Berkeley's CAL PACT (Cal People and Computer Training) team was recently honored
in the 1997 CAUSE Awards Program for Best Practices in Higher Education Information Resources,
Professional Development category,
for its efforts to bring the University community
up to new baseline computing training requirements.
The presentation was made on December 4
at a general session of the association's annual conference
in Lake Buena Vista, Florida,
before nearly 3,000 CAUSE97 conferees.
Accepting the award for the large team involved in the project
were CAL PACT co-chairs
Marissa Peck Comins of Human Resources--Employee Development & Training,
and Laura Kim, Information Systems and Technology--Workstation & Microcomputer Facilities.
The CAL PACT project grew out of the University's effort to replace legacy financial and human resources systems with client/server applications. See the CAL PACT website and the article CAL PACT offers free computing classes for staff employees elsewhere in this issue. Staff recognized that the campus community would need training in basic desktop tools such as spreadsheets, word processing, and email, and so Human Resources and IST formed a partnership to define baseline computing training requirements and objectives for the campus. The CAUSE selection committee was particularly impressed with the extensive and effective collaboration among units, the integration of a variety of approaches to the project, and the use of students as a training resource.
The other winner in this year's CAUSE Best Practices awards program, in the Applications category, was a team from UC Irvine, honored for its well-designed project to streamline a labor-intensive parking permit application process, BYPASS: Using Interactive Voice Response Technology in Parking Permit Sales.
The CAUSE Awards Program for Best Practices in Higher Education Information Resources was established to recognize individuals and teams in higher education for significant achievements in areas related to information resource management. Descriptions of the winning projects are on the CAUSE 1997 Winners web page (http://www.cause.org/pd/awards/bp/97/97bp.html).

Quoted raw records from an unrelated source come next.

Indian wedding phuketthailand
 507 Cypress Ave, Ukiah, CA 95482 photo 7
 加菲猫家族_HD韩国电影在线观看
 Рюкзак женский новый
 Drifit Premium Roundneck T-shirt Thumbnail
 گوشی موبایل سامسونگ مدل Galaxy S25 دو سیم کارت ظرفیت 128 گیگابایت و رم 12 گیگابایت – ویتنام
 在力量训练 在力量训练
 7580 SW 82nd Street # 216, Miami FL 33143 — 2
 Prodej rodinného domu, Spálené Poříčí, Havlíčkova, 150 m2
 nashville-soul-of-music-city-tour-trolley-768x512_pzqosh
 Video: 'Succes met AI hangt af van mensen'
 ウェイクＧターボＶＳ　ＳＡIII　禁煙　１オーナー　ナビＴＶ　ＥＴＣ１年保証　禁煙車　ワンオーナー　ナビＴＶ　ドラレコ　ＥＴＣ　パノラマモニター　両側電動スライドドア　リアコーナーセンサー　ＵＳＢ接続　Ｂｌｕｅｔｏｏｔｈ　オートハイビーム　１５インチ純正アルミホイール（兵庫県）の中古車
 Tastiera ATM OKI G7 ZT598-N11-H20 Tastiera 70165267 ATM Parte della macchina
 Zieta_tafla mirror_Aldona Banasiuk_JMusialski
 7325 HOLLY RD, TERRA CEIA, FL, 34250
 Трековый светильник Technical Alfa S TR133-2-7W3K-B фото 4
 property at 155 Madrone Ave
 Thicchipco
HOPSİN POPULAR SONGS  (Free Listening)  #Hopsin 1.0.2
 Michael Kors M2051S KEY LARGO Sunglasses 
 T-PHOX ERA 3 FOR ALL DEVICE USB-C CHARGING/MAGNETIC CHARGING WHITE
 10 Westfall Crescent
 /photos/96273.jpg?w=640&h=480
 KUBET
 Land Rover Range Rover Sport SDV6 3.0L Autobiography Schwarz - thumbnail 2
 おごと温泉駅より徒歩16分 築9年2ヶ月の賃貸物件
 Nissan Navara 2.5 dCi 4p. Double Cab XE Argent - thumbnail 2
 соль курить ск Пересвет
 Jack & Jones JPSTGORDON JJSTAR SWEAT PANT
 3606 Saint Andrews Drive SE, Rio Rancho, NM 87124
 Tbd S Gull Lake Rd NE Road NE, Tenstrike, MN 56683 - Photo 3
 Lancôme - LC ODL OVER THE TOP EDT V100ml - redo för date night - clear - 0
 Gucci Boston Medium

This is the second consecutive year in which a UC Berkeley team has won a CAUSE Best Practices award. See BIK team gets international recognition from CAUSE in the Winter 1997 issue of BC&C.
CAUSE, the association for managing and using information resources in higher education, has a membership of more than 1,400 campuses and 3,900 individual representatives. Headquartered in Boulder, Colorado, the association's mission is to be an indispensable partner in enabling the transformational changes occurring in higher education through the effective management and use of information resources--technology, services, and information. It places a high emphasis on helping individual member representatives develop as professionals in information technology management.